I just wish I had more opportunity to take pictures of people. And not just party pictures, but more portraits, or atleast shots that are acually set up. I believe I might be good at that.

One place I believe I could spend all my remaining days taking pictures of, and living happily in, is Riven (hence the title). Riven, for those of you who don't know it, is a game released by Cyan entertainment in something like 1999 or 2000, and it's the sequel to the well know game Myst.
Riven was larger, more well rendered, has nice ambient sounds and visual effects, and most all of it took place in the scorching sun. Myst was constantly over cast, and while bright enough, was never sunny. At one point, i even think it rained. However, the world of Riven is a sun baked landscape with ages wood and metal details that are so well rendered I could almost reach out and touch the texture.
There's one place, on the second island you get to, just up to the right, that has these sumps of what must have been gigantic trees. These stumps are like 1-2 meters in diameter, and they've been sawn off, and you can see the age rings and everything perfectly. The ambient sound has grasshoppers chirping in the background, and the occasional winsounds of small insects. It's so wonderful, and so real, that I sometimes just run the game, and sit there watching the environments. Knowing that if I wanted to experience something like this in real life, now only would it be virtually impossible to find, but I'd certainly have to travel far and wide in search for it. Since Riven is a first person game, but not realtime rendered, Cyan has done a great job at framing shots for us, but I belive that if i were given free roam of the world, I could snap a few wonderful ones myself.

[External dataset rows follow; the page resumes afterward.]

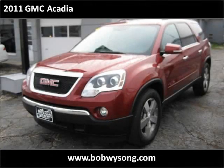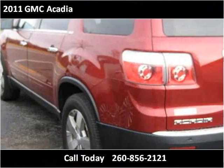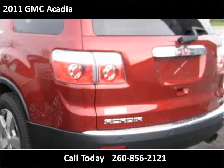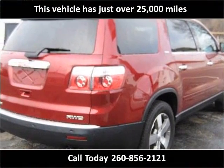This 2011 GMC Acadia is available from Bob Wysong Auto Sales & Service. This vehicle has just over 25,000 miles.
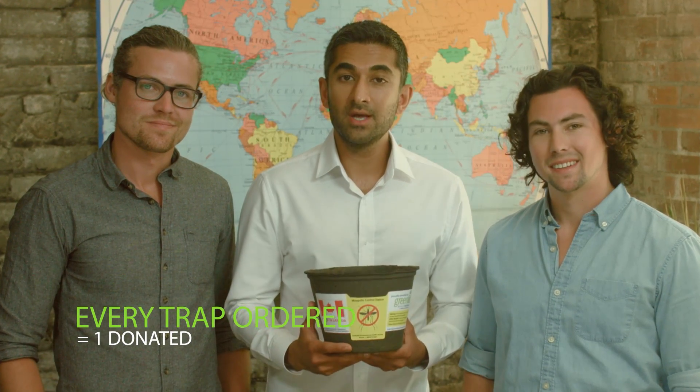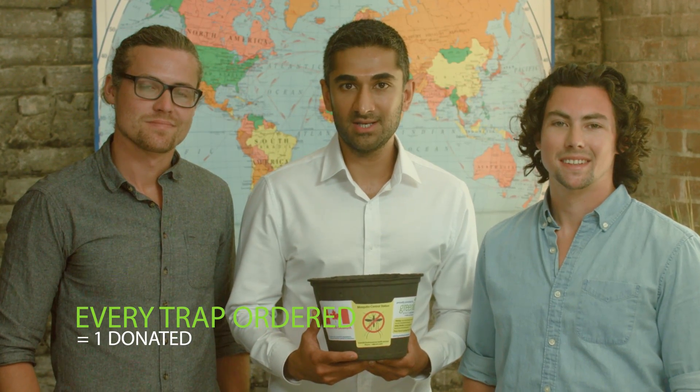For a fraction of the cost of traditional traps, you can protect yourself and your family from mosquito-borne diseases and help people around the world who cannot afford to. And you can do this without the massive negative impact of spraying and fogging on the environment. So pre-order your traps today, and remember, for every trap you order, we will donate one to a community in need.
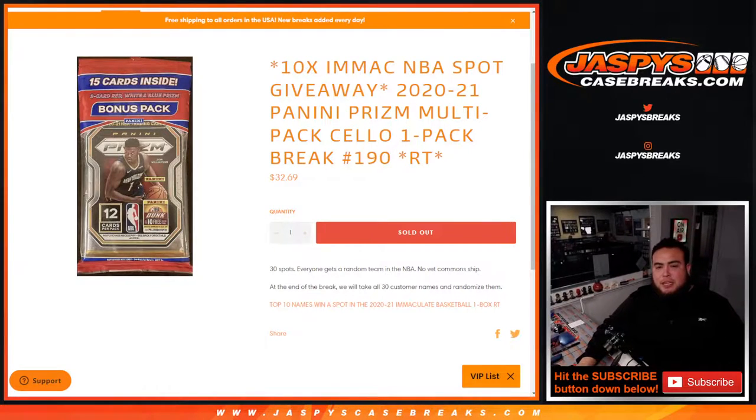What's up everybody, Jason for Jazbees CaseBreaks.com. We're giving away 10 Immaculate NBA spots with this 2021 Panini Prism multi-pack cello break — one pack break number 190.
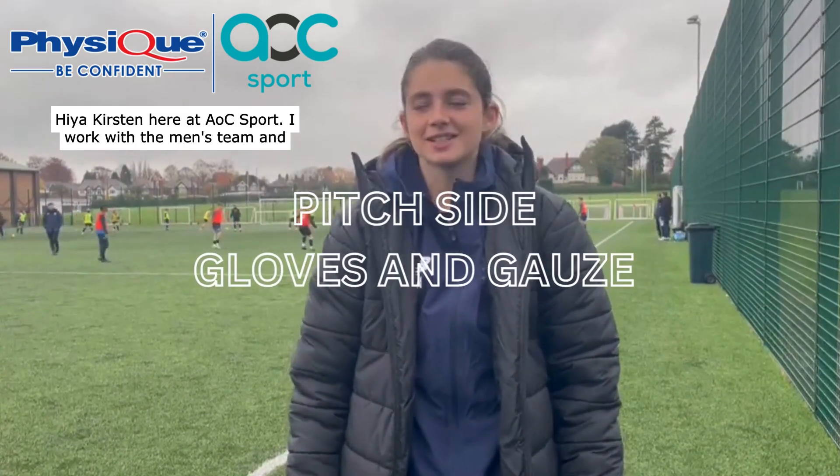Hiya, Kirsten here at AOC Colleges. I obviously work with the men's team and we're here for our trials. Just little videos for physique, just to show you some tips and tricks that I like to use when we're pitch side using the equipment.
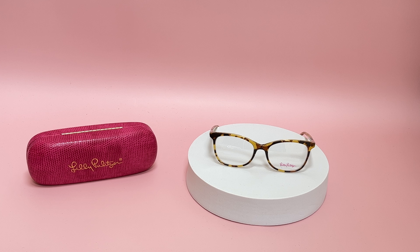Hi, I'm Dylan from iSpecs. I'll be demonstrating a Lilly Pulitzer eyeglasses model Galena, color code TO. The color of the frame is a tortoise color, and it has a cat eye shape.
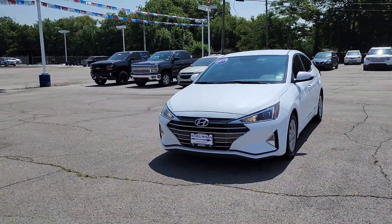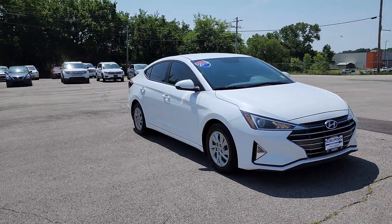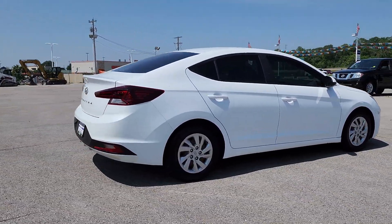Take a moment to check out the 2019 Hyundai Elantra. With less than 100,000 miles on the odometer, this vehicle provides excellent value. Start your day in smart style in this feature-packed Elantra.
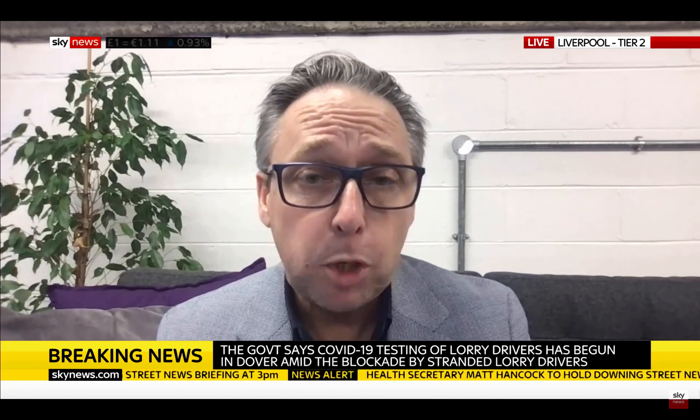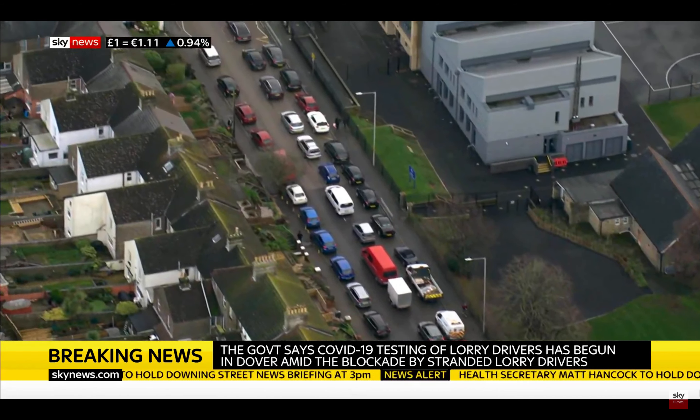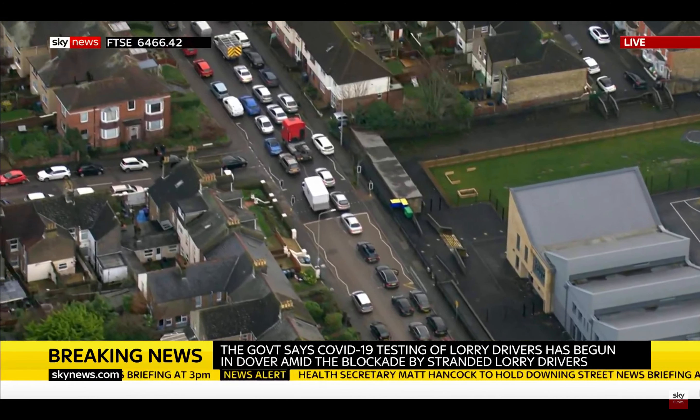The big issue that we face at the moment is the port of Dover, which is completely gridlocked and blocked. There is an army team that's being blue-lighted to the front of that queue to actually start testing the drivers at the front of the queue, to be able to start releasing that. And that will provide the flow that should start to release those drivers from Manston.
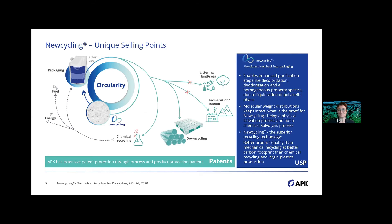To secure our position, we have extensive patent protection, covering both process and product patents. For post-consumer applications, Newcycling is enhanced with additional purification steps: decolorization, deodorization, and homogenization to produce a very homogeneous product spectrum — possible because you have a liquefied polyolefin fraction that is easy to mix. The molecular weight distribution of our products stays intact, which is proof that Newcycling is a physical recycling process. This enables better product quality than mechanical recycling with an advantage in carbon footprint — our core unique selling point.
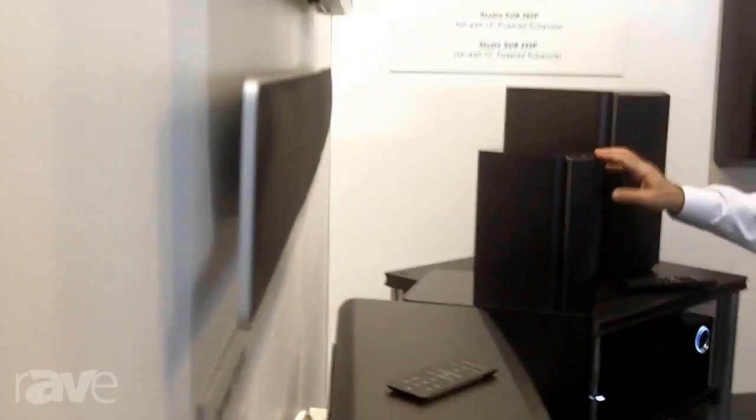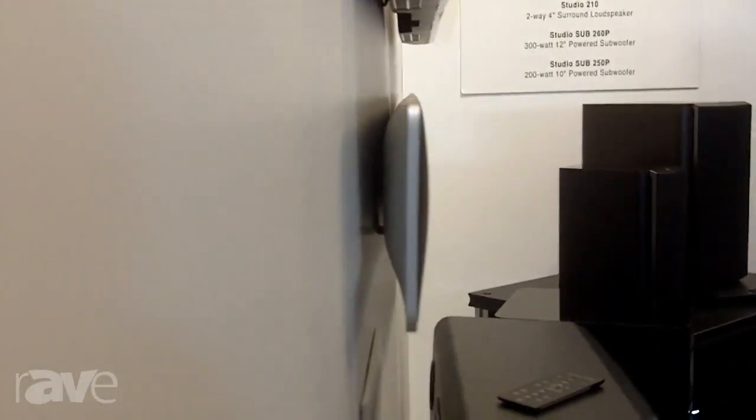It's one of the thinnest sound bars available on the market. You can see along the side panel of it is a very thin aluminum extrusion. We have proprietary surround technology that's in here, HDMI video switching, and if you look just right below that product, there is a matching subwoofer that is also just as thin. In this application, we're showing it mounted on a wall, but it is thin enough that it could be slid underneath the sofa or tucked behind a piece of furniture.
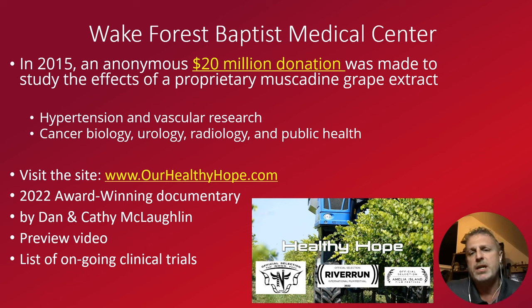They are studying hypertension, cardiovascular research, cancer, radiology, and general public health and well-being — including how you feel after chemotherapy by supplementing your diet with muscadine. There's a place to find some of this research: a documentary put out by Dan and Kathy McLaughlin called Our Healthy Hope. Look at ourhealthyhope.com — you'll see the documentary and a link to all past and ongoing clinical trials associated with muscadine grape. It is one of the most actively researched fruits going on right now.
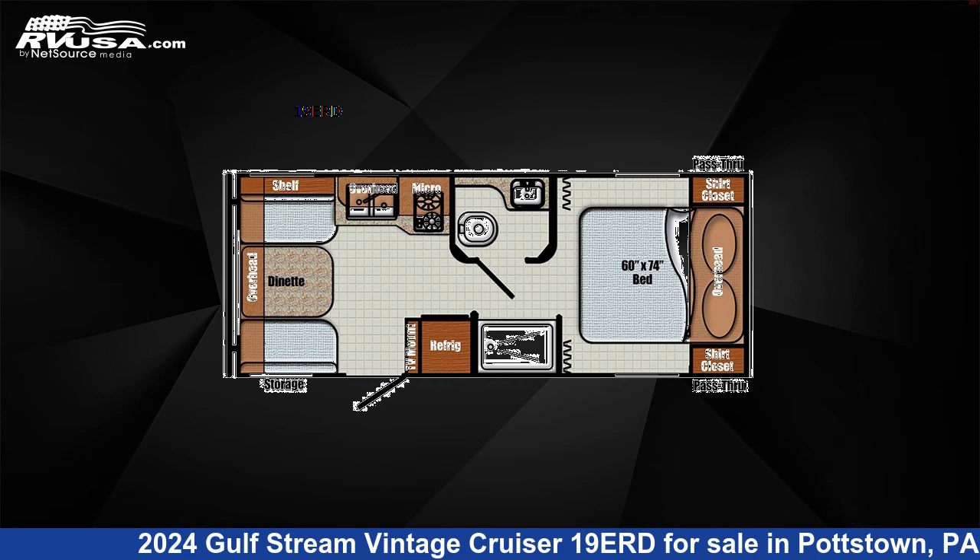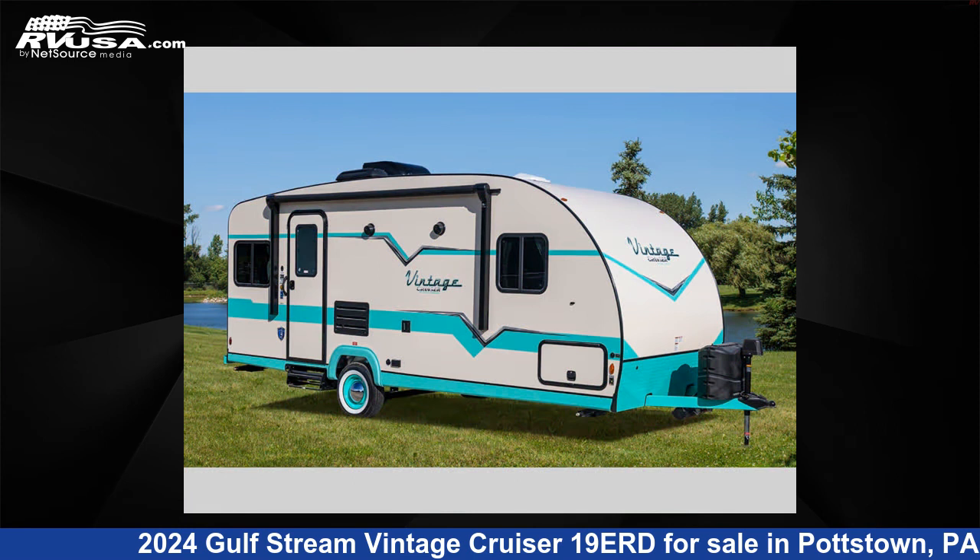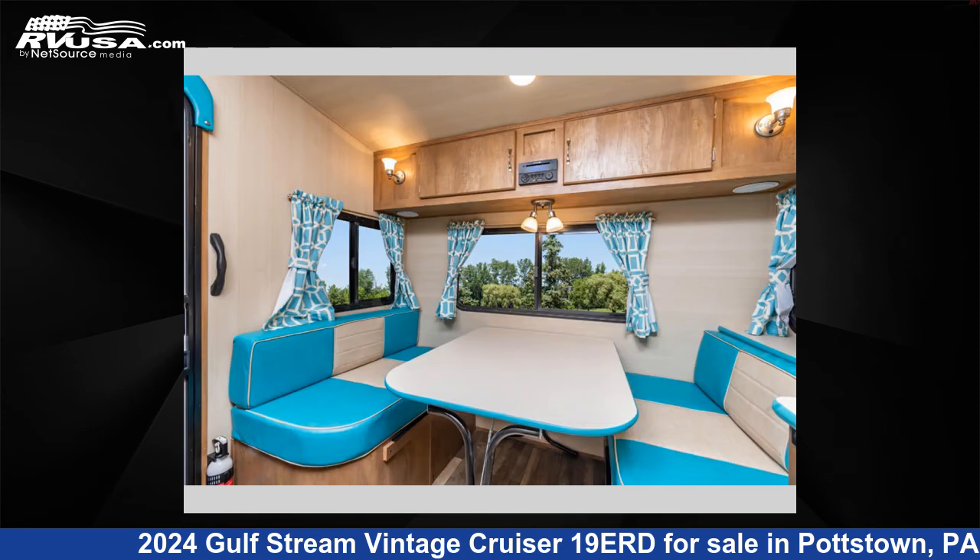This 2024 Gulfstream Vintage Cruiser 19ERD is a travel trailer RV. It is located in Pottstown, Pennsylvania, 19464 and is offered for sale by Optimum RV, Pottstown.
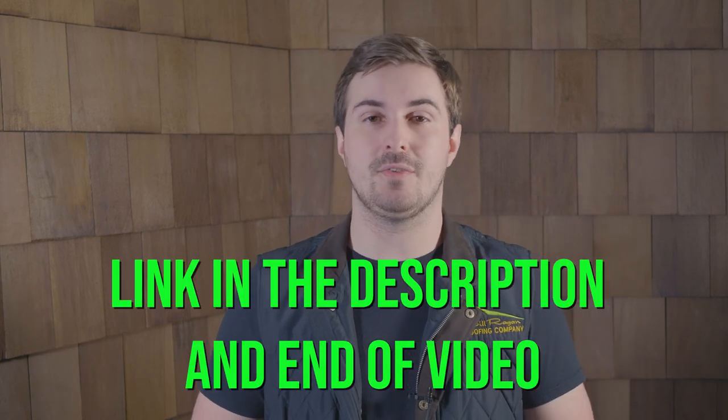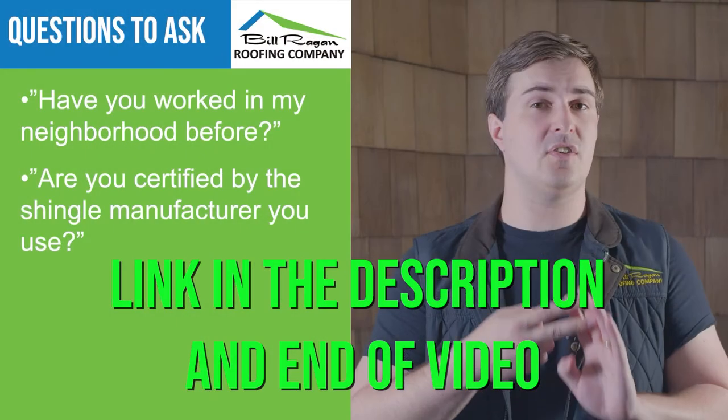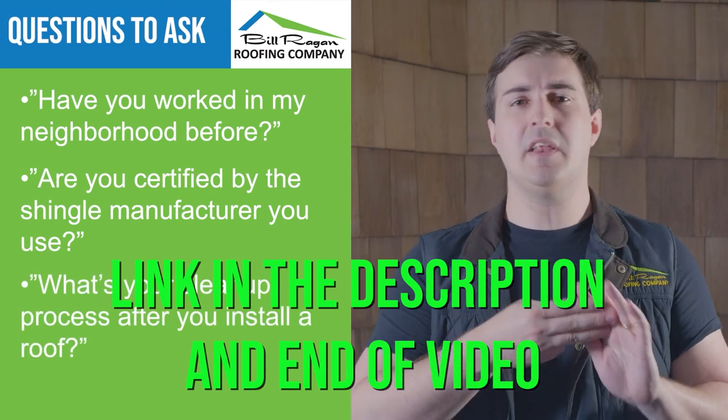Now you know our picks for the top three premium roof materials and why we've picked them. When we've given all the lifespans for these materials, it's with the mindset that you've had them installed by a good local roofing contractor. To find more information on how to hire a good roofing contractor for your premium roof installation, you can click on the link below or at the end of this video. I'm Brandon Haefeli with Bill Reagan Roofing Company — thank you again for watching The Roofing Channel. If we've helped you out today, consider liking and subscribing so we can spread more helpful information to homeowners like yourself, and we'll see you next time.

I have this big coffeƩ table book called "From Myst To Riven", that's about the making of the game, the artwork, the company, and the people behind it, and it's also completely fascinating. Sadly, I hear that Myst 5 will be the conclusion of the series, even tho I haven't been able to play the other games, save for Myst and Riven that mych, but now, for the final chapter, it's Cyan who's doing all the creative stuff, and implementing it aswell. Myst 3 and 4, they tell me, were written by other companies, based on storylines given to them by Cyan. Kind of liek what Nihilistic is (or was) doing for Blizzard with StarCraft - Ghost.
For you non-gamers out there, it's like having a book ghostwritten. Well, almost anyway.

Anyway.
I'm rambling really, but I guess it's just been one of those days. I watched parts of Adam Sandler's "The Wedding Singer" just as I was getting back from my photographic tour. It's a good movie, but not as good as "Happy Gilmore".
Maybe I should be getting back to learning how to do threads and sockets in c++ (ohh, and then ssl too, wish me luck)

Ohh, and I changed my timezone to CET now, so that the post times will properly reflect when I'm writing this stuff. Most of it seemed to originate form the middle of the night, so I saw it fit to change it.

If you want to see any of my pictures, drop me a line (via a comment or whatever, open to everybody). Or I might join hello, I haven't decided yet, Picasa2 rules!